Forecasts about limits to growth are based on specific energy resources and have assumed no future technical developments. Technology defines resources. Waterwheels made water into an energy resource. Steam engines did so for coal. Internal combustion engines did the same for oil.

At the time forecasts about an energy crisis are made, inventors are already quietly developing the new technology that will develop new energy sources within twenty-five years and, within fifty years or less, will completely displace the older energy technology.

Current technologists completely miss when they forecast how we'll work our way out of an energy crisis. For various reasons, they discount or neglect to consider the role that new technology will play in less than twenty-five years.

Technologists prefer to improve familiar technology by a fraction of a percent than to gamble on a major improvement from unfamiliar technology. They manage to make marginal improvements in old technology just before it is made obsolete by new technology.


On the other hand, there is also a rich popular literature of apocalyptic visions of the future--visions of imminent disaster. These see no hope at all for humanity or for earth. If it does not perish in a nuclear holocaust, everyone on it will starve to death when all arable land has turned to desert or poisoned. Perhaps all will freeze when air pollution becomes dense enough to block the sun and lower the temperature, or die of heat when the "greenhouse effect" increases it instead. Alternatively, life could all dissolve in acid rain, perish from hard solar radiation when the ozone layer disappears, or even be destroyed by a superior race of aliens. Not a year goes by without a forecast of global economic collapse, nuclear conflict, or the provision by some would-be prophet supplying a date on which Jesus Christ will return and God is supposed to end the world, despite the Bible stating this cannot be done.
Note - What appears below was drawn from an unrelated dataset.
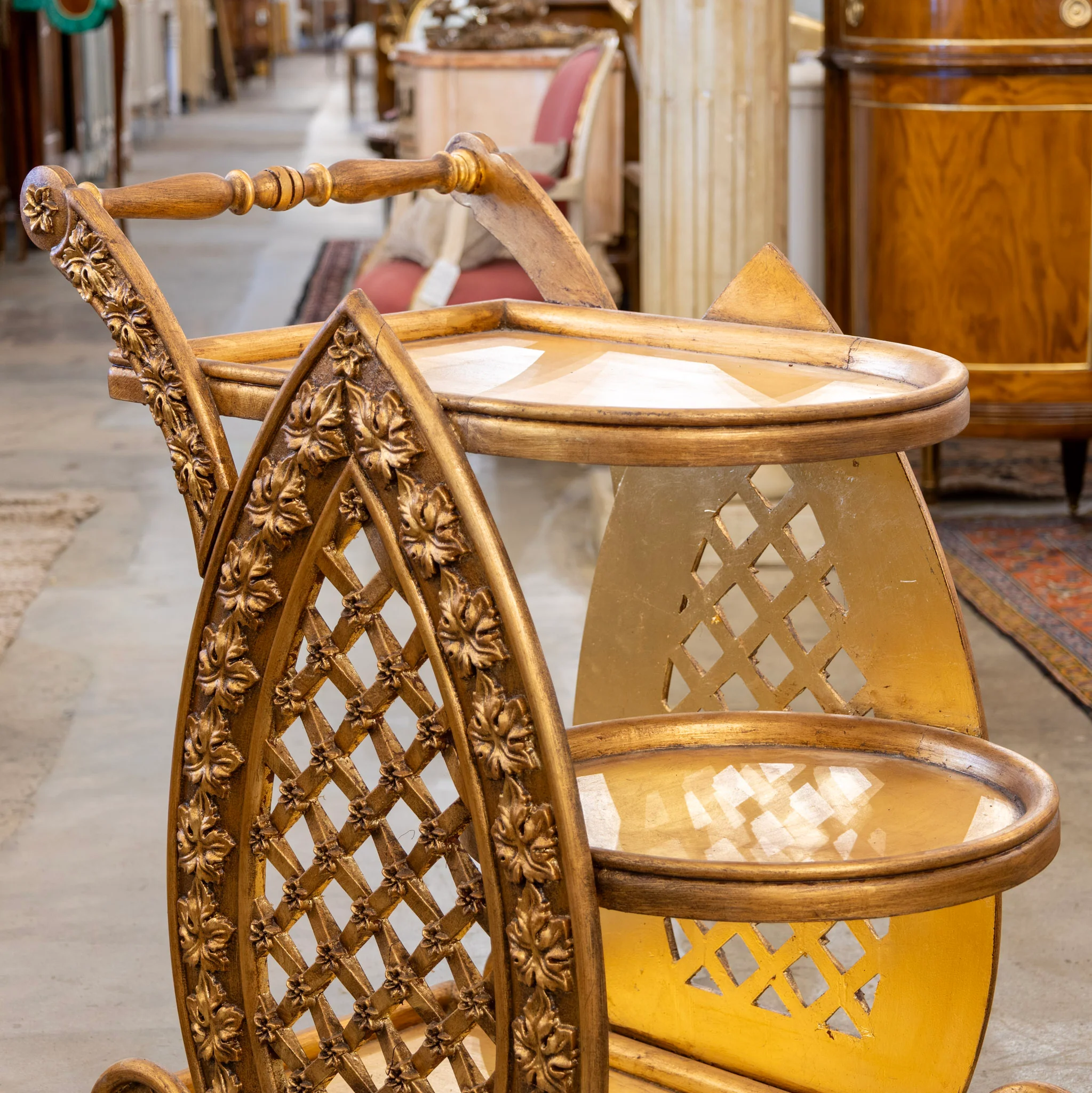 Gilded Italian Bar Cart – Carved Leaf Motifs & Lattice Paneling - Image 4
No conclusive evidence can be cited for any of these extreme scenarios. The kind of future expected may depend more on the predictor's personality than on the analysis of today's trends. The optimistic technologist says there is hope for the future; thoughtful philosophers worry that humanity has lost more than gained; and the doomsayers have given up all hope. In the midst of this uncertainty and contradiction, others have tried to find spiritual answers to difficult questions. Some have turned to mystical claims that meditation can bring on a new order; others to the Biblical answer that God the creator alone determines the fate of the universe. Some may see such a refocusing as another manifestation of the tension and balance between the high touch and the high tech. It may be regarded as part of a struggle for liberation of the human spirit from the perceived bonds of the machine age. It may be a holding position while people await more definitive data from the scientific community, in which their long-term faith resides.

The actual near future will likely fall somewhere between utopia and apocalypse. New and existing technologies need to be examined both for their potential to improve the human condition, and for their potential to cause harm. Part two of this book concentrates on the various technological revolutions and the direct effects they may have on society, and part three focuses on the roles of certain major institutions. It is worth noting, however, that if any modern day seers (including the author of this book) really knew what the future would bring, there would be far more money to be made in the stock market than in writing books.